We're bibliophiles at our house, and we have books everywhere. Well, DS1 is starting to want to read our books. Last night we found him reading Ender's Game to DS2. Before that, I had caught him reading David Edding's The Belgariad series. DS1 will be five at the end of this month. DS2 is 20 months. We don't have a problem with him reading stuff like Patrick McManus (which is a bunch of funny stories about camping), but we can't restrict all our books nor do we have a place to put them away. Do we just tell him those are books for when he's older?
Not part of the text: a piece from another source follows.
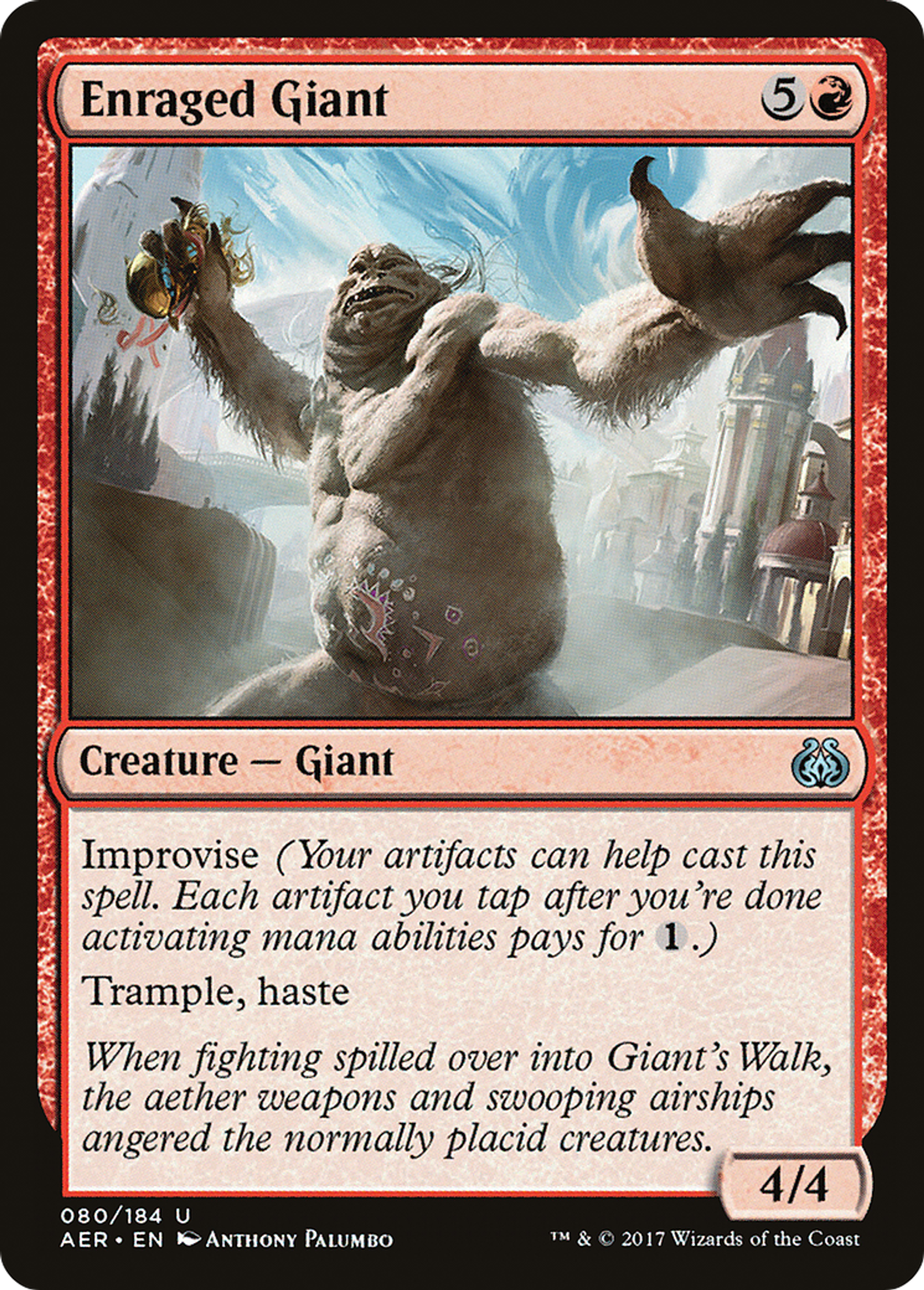 Enraged Giant — Aether Revolt — Magic: The Gathering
The boys share a room and he has a bookcase full of books in his room, but chapter books (and adult books) aren't allowed in there because DS2 is still in the ripping pages out of books phase. Any advice/help? Thanks!


----------



## fritz (Nov 9, 2005)

I'm not familiar with Ender's Game, but DH and I have read the Belgariad series by Eddings, and we have some of those books on a within-DS's-reach shelf...but our DS hasn't tried to read them yet. He just turned 5, and the only adult reading he's done is a couple pages from one of the later Harry Potter books, and one of my murder mysteries (but I wasn't on a grisly scene).

I actually think it's great that your DS is interested in reading a non-picture book! =) I grew up with bibliophile parents, so I started reading what my dad read when I was around 10 (Terry Brooks, Heinlein, Anne McCaffrey). I loved having so many of our own books available to read. It's actually been a hard habit to break, but now I only check them out from the library (save a lot of money that way).
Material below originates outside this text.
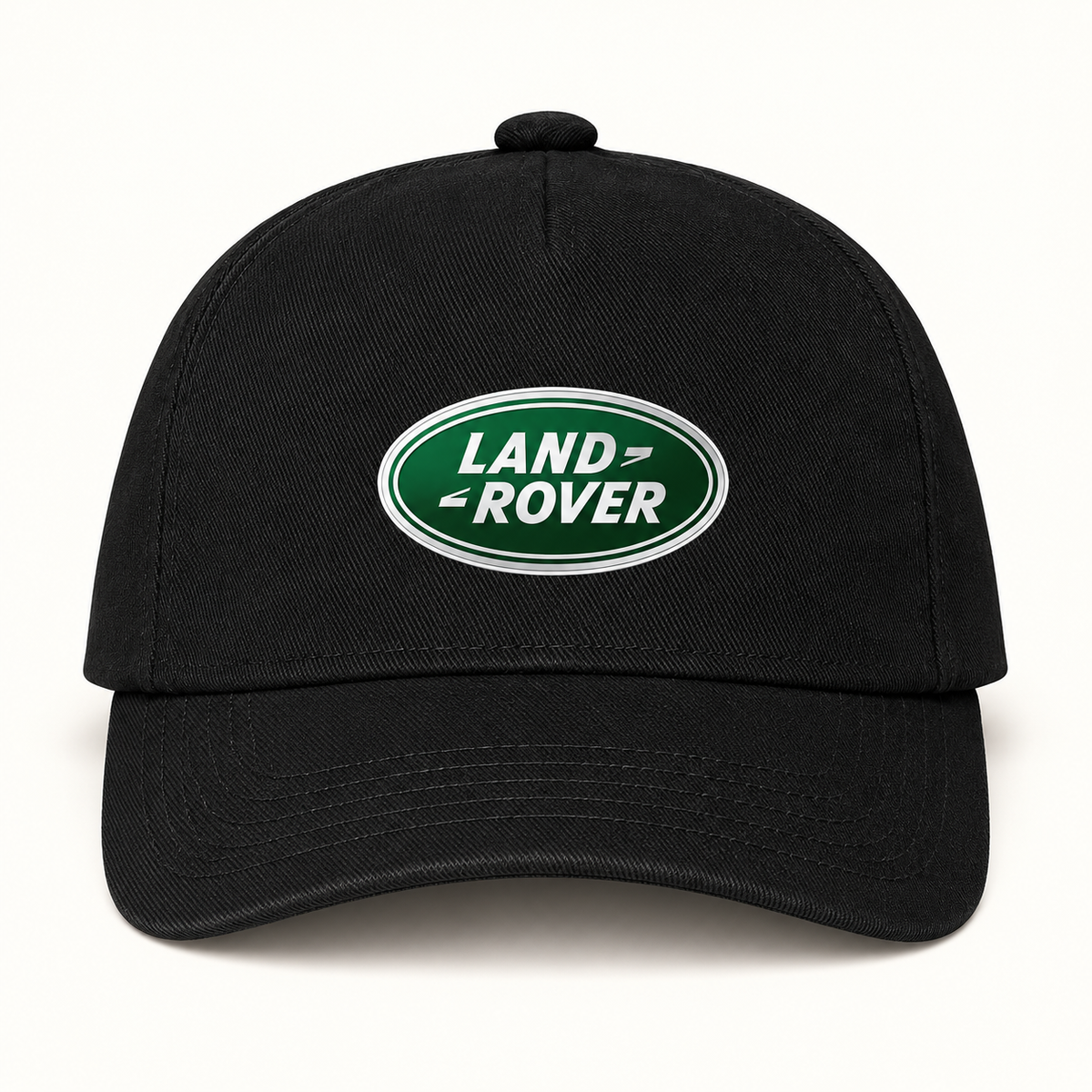 Land Rover Car Dad Baseball Cap Hat | Color: Black | Image 1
How much of the books is he reading? Just a few paragpraphs/pages, or is he plowing through them? It could just be a brief phase. If you're really worried about it, you could try telling him there are some books that you don't think he's old enough to read yet...and put the worst ones either out of sight or on the top-most shelves...but that's not something we're worried about here (we have fairly liberal attitudes towards most media anyway). And maybe get some more advanced (but closer to his age/maturity level) reading material for him to distract him from the adult level books. There should be plenty of fantasy/epic type fiction for younger kids available if you're okay with the genre. Maybe take your older DS to the library after you've scouted out some possibilites to see if he's interested in any of those.


----------



## Jessy1019 (Aug 6, 2006)

I wouldn't censor my child's reading material. All books in the house (and the library, and available online) are fair game.
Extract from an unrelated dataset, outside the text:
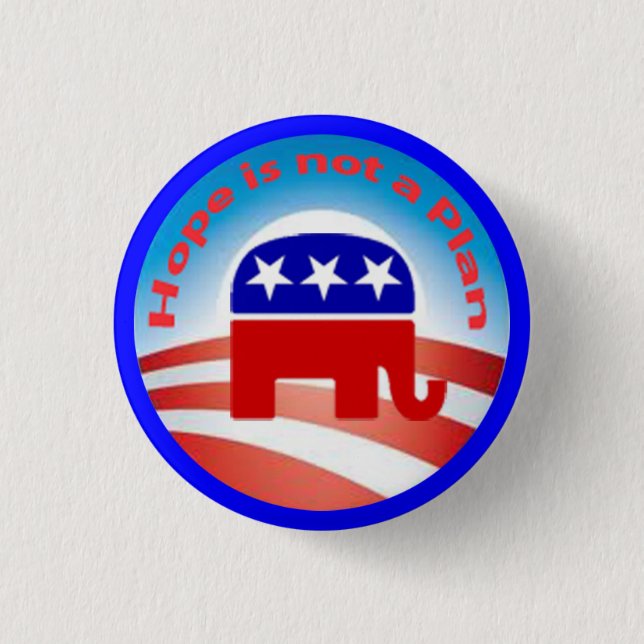 Hoffnung ist nicht ein Planknopf Button (Vorderseite)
If one of my kids decided to read something that appeared controversial and I hadn't read it myself, I'd read it so I could discuss it with him/her. Beyond that, I'm just happy when they're reading.


----------



## NiteNicole (May 19, 2003)

My parents were always happy to see me read when I was a kid and really, they should have been paying attention and telling me no sometimes.. I read a lot of things I didn't understand and a lot of things that I found scary and upsetting. I don't know why I didn't just put the books down and not read them, but I didn't. I know I'm not the only one because I have so many friends who still claim to have nightmares from books like Flowers in the Attic (I swear, every one of our mothers must have been reading that at the same time and WHY when you see your second grader with that, WHY wouldn't you think...hmmm...perhaps this is inappropriate?) and all the Stephen King (thanks, Dad).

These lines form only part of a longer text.